Photo by Per Lööv on Unsplash

Innovating in Industry for a More Competitive and Innovative Portugal

Faced with an increasingly volatile future, both for the industrial sector and the startup ecosystem, it becomes essential to work upstream, ensuring interaction and collaboration among all stakeholders: industry; policymakers (government and municipalities); academic institutions (universities); and entrepreneurs and startups capable of identifying innovative solutions to existing market needs.

Rui, aqui está a tradução para inglês:


Since the first Industrial Revolution, industry has undergone profound transformations. Shifting priorities and procedures, technological advances have been introduced in areas such as information technology and engineering, leading up to the era of Industry 4.0, which reflects the structural and technological evolution that has taken place in the sector over the past 200 years.

In a phase marked by the transition to a new paradigm in the industrial ecosystem—strongly influenced by the sector’s digital transformation—so-called Industry 5.0 focuses on the collection and processing of data to improve efficiency and optimize human work (from the factory floor to administration), helping to design and implement well-supported strategies and, consequently, make better decisions.

At the same time, in the national entrepreneurial ecosystem, we hear increasingly about disruptive business ideas and terms such as unicorn startups, machine learning, artificial intelligence, or blockchain, with hundreds of entrepreneurship programs and contests being launched in Portugal to support the development of innovative products.

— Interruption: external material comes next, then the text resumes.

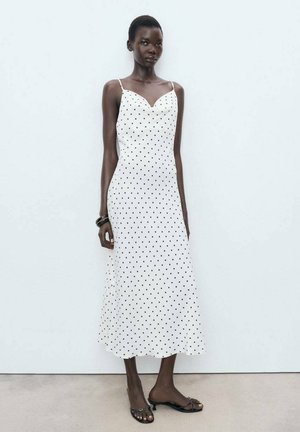 WITH DRAPED NECKLINE - Vestido informal - off white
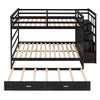 Full Over Full Bunk Bed With Twin Size Trundle And Staircase - Espresso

Thus, faced with an increasingly volatile future, both for the industrial sector and the startup ecosystem, it becomes crucial to work upstream, ensuring interaction and collaboration among all stakeholders: industry; policymakers (government and municipalities); academic institutions (universities); and entrepreneurs and startups capable of identifying innovative solutions to existing market needs.

As Guimarães is a municipality intrinsically linked to industry—particularly in textiles, cutlery, and metallurgy (sectors that have ensured the dominance of the secondary sector to this day)—it becomes important to develop programs that stimulate industrial innovation, supporting the transition to digital in a coordinated manner and involving all the actors mentioned above.

Inspired by the quintuple helix innovation model, which argues that innovation production should rely on five elements—companies, universities, government, civil society, and sustainability (ecology and environment)—the Municipality of Guimarães has been working, through projects such as Guimarães Marca and the Set.Up Guimarães startup incubators, to drive the transition from traditional industry to smart and environmentally sustainable factories. Through the creation of a true “industrial academy,” the focus also lies on upskilling workers in advanced knowledge areas linked to artificial intelligence, cybersecurity, e-commerce, robotics, and biotechnology, while promoting a new local economy based on better wages, improved quality of life, and the principles of social and environmental sustainability.

The work already developed in this context, within the municipality’s industrial sector, has focused on monitoring implemented industrial projects, evaluating areas such as Industry 5.0, robotics, the Internet of Things, sensorization, and sustainability in processes, materials, and resources used, also contributing to the transfer of critical knowledge produced in universities and research centers to local companies.

Based on this mapping, Set.Up IN(dustry) was born: an acceleration program for startups with innovative products or services for industrial applications. It has allowed participating startups to go beyond the purely educational component of such programs, enabling physical incubation within Guimarães’ industrial facilities and fostering a win-win relationship: startups gain access to workspace, tools, and know-how that help validate their business ideas, while industry benefits from collaboration with startups, accelerating its technological (and digital) innovation process and improving efficiency in strategic dimensions such as organization, people, processes, operations, and technology.

This is our aspiration for the coming year: the collaboration of all stakeholders for a more competitive—and above all, more innovative—Portugal.